As private van operators have sprung up to replace bus routes lost to the MTA service cuts, New York City’s Department of Transportation has waged a campaign to stop these businesses. With support from labor unions concerned about the privatization of transit services, DOT has claimed that these unregulated vans pose a serious safety threat to passengers, and the agency has gone to court to enforce its position. Yesterday, NYC DOT earned a temporary restraining order against TransportAzumah’s Joel Azumah, a fleet owner who had been operating vans along the now-defunct X25, X29, X90 and QM22 routes.

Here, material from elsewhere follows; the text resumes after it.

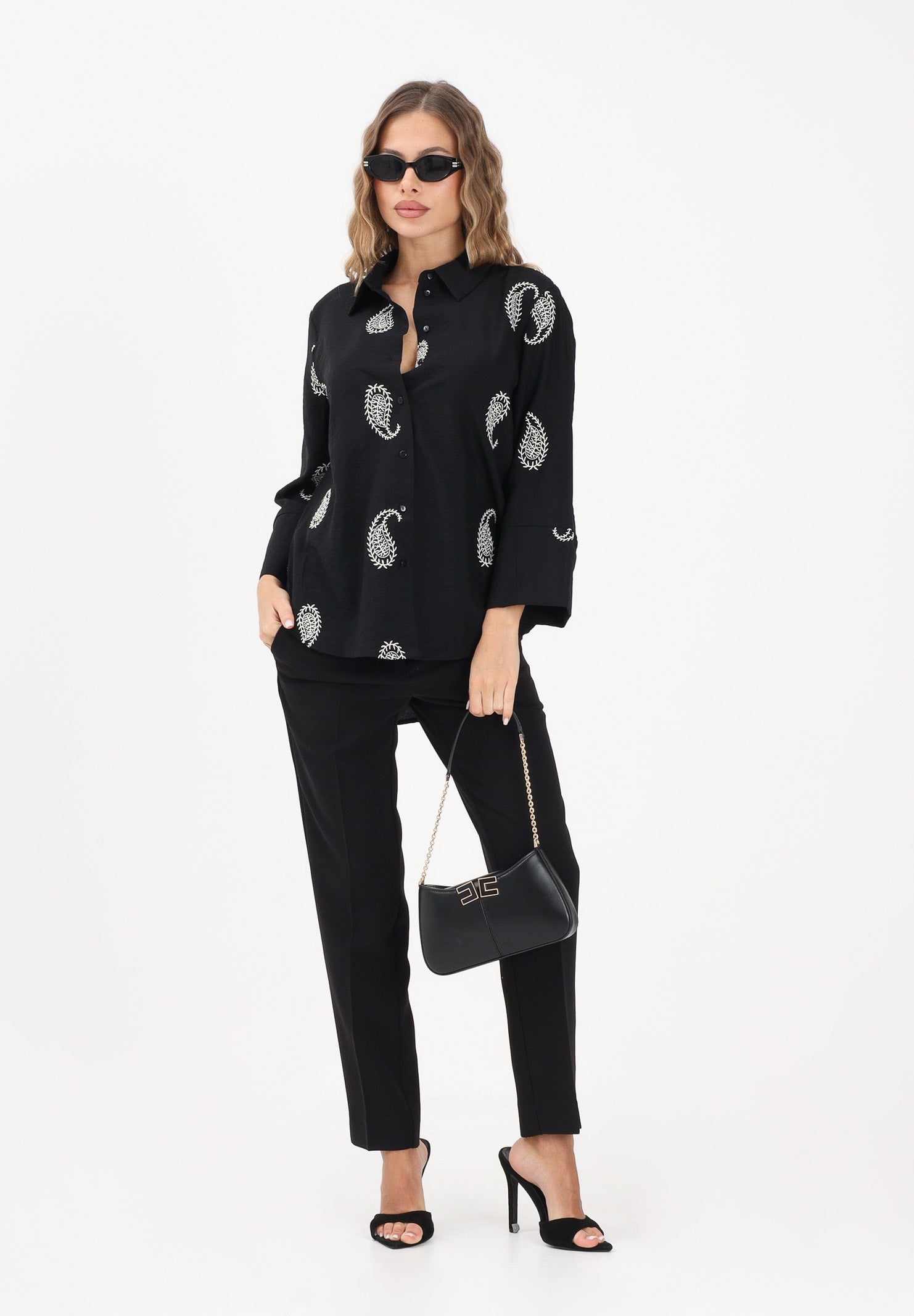 JDY Camicia nera da donna con fantasia paisley 15367956 BLEC JDY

The city has until July 15 to make the case for a permanent injunction, and Azumah said he will fight the court order. He says that his $6-a-ride vans do not violate transportation laws because they are private charters outside the realm of city regulations. “My customers are very, very, very angry,” he said to the Daily News. “They had the benefit of a service that they were enjoying…We want the city – if they are going to interfere with these services – to run the buses.”

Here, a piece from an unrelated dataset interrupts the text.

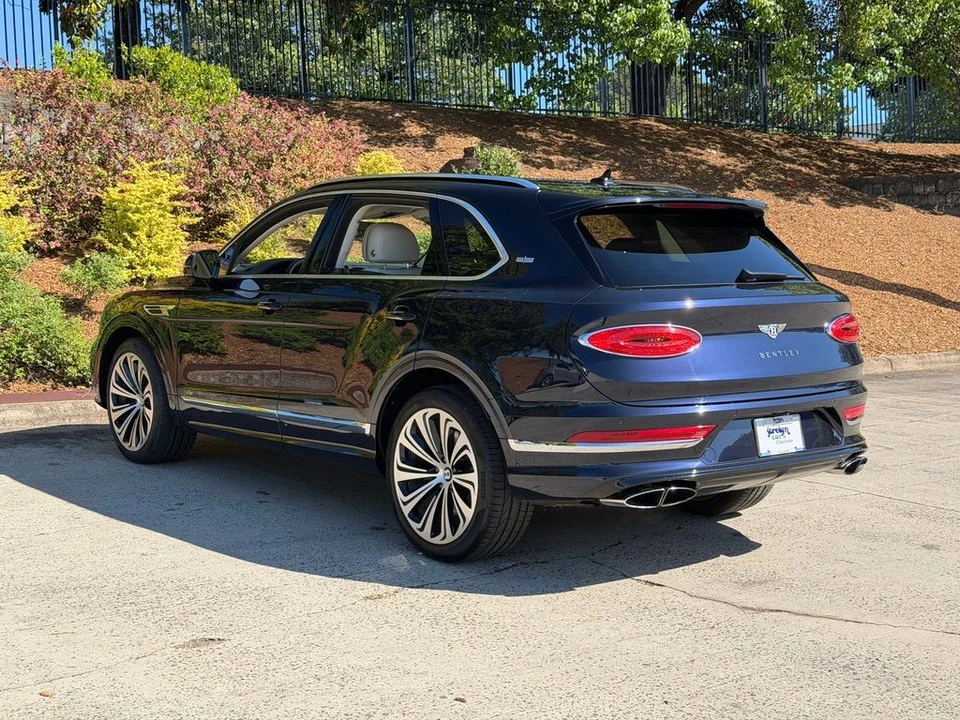 2021 Bentley Bentayga - Image 5 of 31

In other vans news, Yonah Freemark writing at Next American City profiles the rise of private service in New York City in the wake of the MTA’s service cuts. Freemark wonders if the city’s move to legitimize some private transportation providers will undercut labor’s position but posits that cities should ensure that people can get around cheaply and efficiently. As long as the MTA has to cut services, the private bus companies should be allowed to roll on.